Travis Bird Responds to Bill Neely’s Facebook Post

This post has been requested by many citizens and by many members of the law enforcement community, and is in response to my opponent’s recent Facebook post. To be very clear, I certainly understand what the Virginia State Bar ethical rules require and what they forbid. If you are going to say that my comments involved “at best half-truths and that they completely overlook a prosecutor’s duty” then perhaps you should make sure you accurately reflect my comments and why they were said.

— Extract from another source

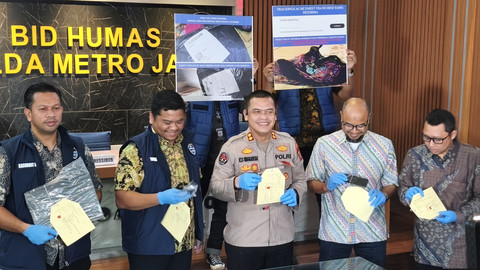 Polda Metro Jaya ungkap kasus akses ilegal jasa ekspedisi Ninja Express, Mapolda Metro Jaya, Jumat (11/7). Foto: Thomas Bosco/kumparan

Let me begin by setting the record straight. I never referenced the Yeamans case and I never referenced “church youth directors.” I referenced the shooting of three deputies, the children who were kept caged, and the Morrissey case in my closing remarks at the NAACP meeting. I happen to believe people who shoot police, people who cage their children in feces and urine filled rooms, and especially elected officials who have sex with and distribute child pornography of their underage employees should go to prison.
The Joseph Morrissey Case: Sex with a Minor Employee
I will start with ex-Delegate Morrissey’s case since my opponent did not address that case in his response. My opponent was appointed as a special prosecutor to decide whether to prosecute former Delegate Morrissey for possession of child pornography and for having sexual relations with his underage employee (she has since had Delegate Morrissey’s child).
Tens of thousands of dollars and hundreds of man hours were spent investigating this case only to have numerous felony charges reduced to one misdemeanor. Additionally, the plea agreement in this case permitted him to report to the General Assembly every day while on work release and serving his time in the local jail.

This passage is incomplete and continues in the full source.